> The data
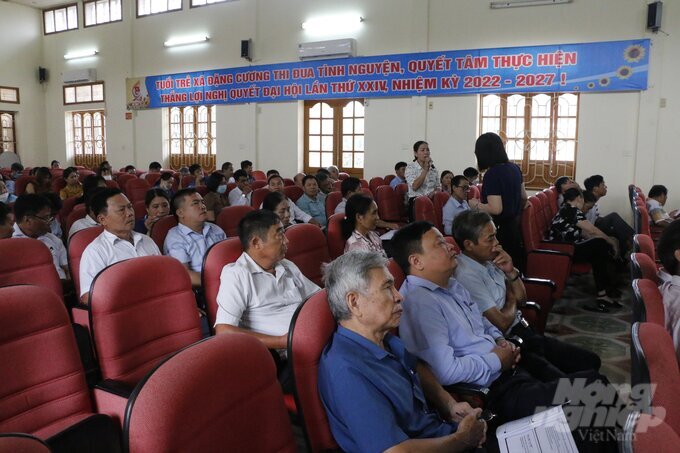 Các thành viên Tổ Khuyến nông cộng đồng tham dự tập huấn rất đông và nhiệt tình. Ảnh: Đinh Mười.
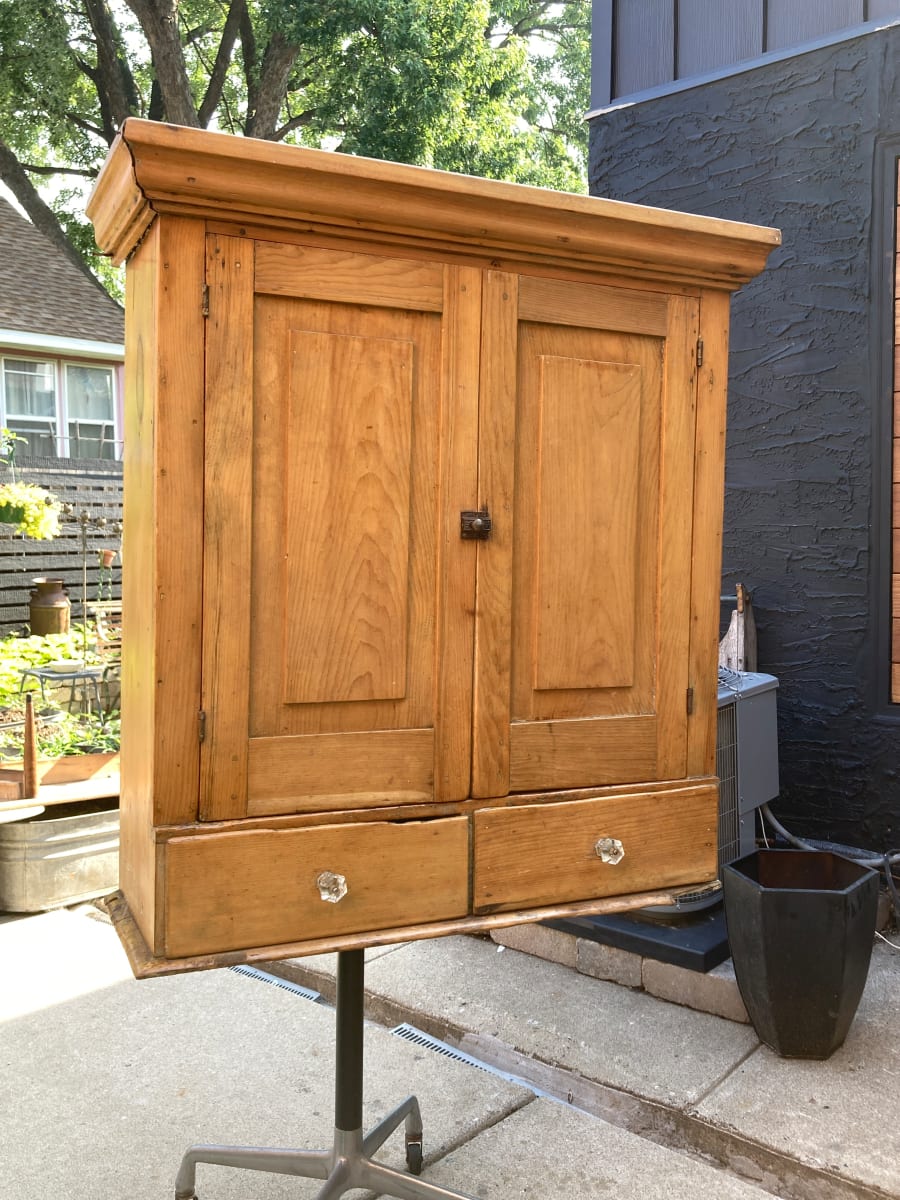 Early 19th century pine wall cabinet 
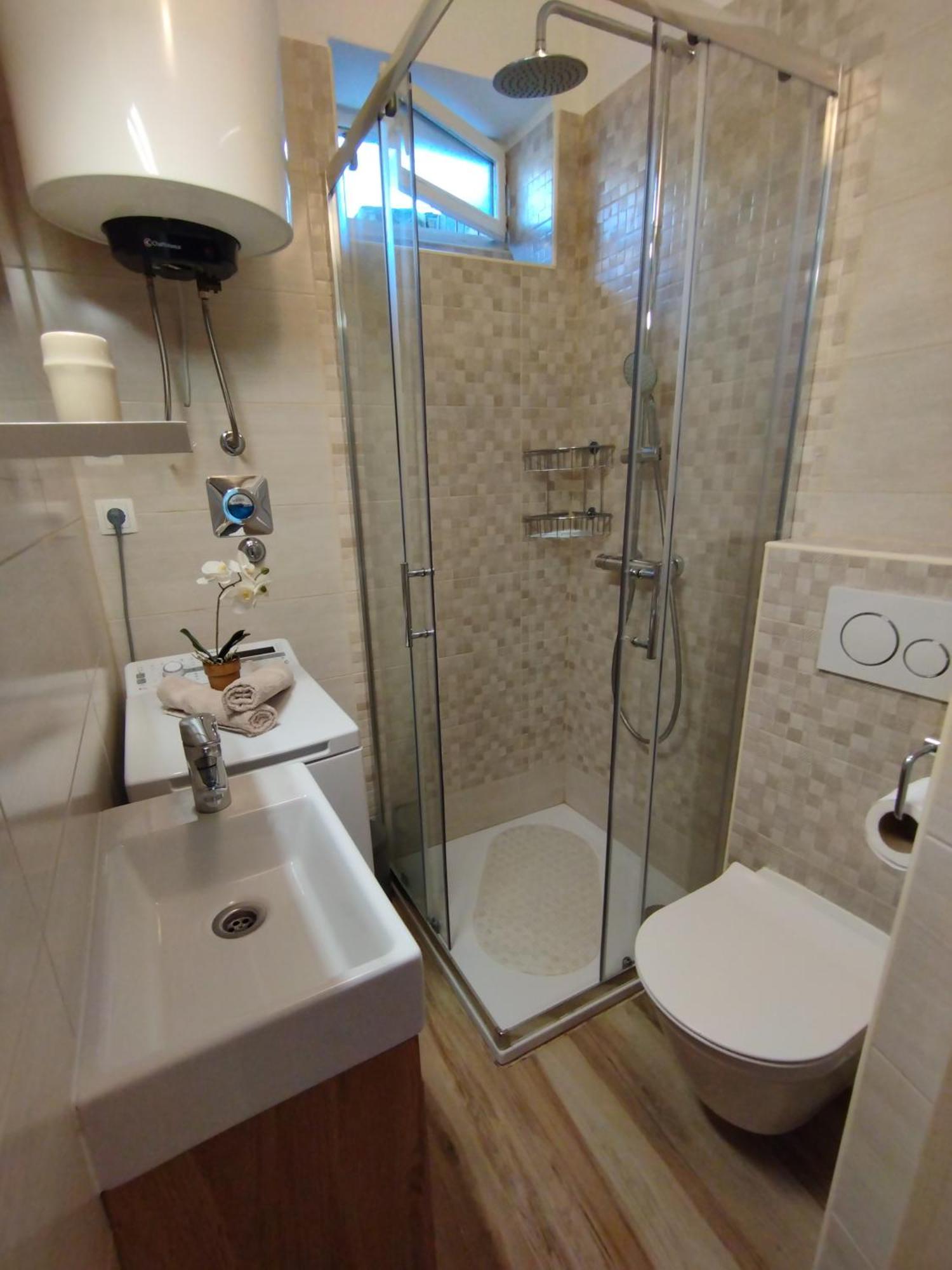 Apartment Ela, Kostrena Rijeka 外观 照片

==

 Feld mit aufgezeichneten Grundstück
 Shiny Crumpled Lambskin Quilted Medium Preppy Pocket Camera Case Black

> What needs to be done
What you return must be the lines above that run from the line with "Feld mit aufgezeichneten Grundstück" to the line with "Shiny Crumpled Lambskin", inclusive, each copied exactly.

> Answer box
 Feld mit aufgezeichneten Grundstück
 Shiny Crumpled Lambskin Quilted Medium Preppy Pocket Camera Case Black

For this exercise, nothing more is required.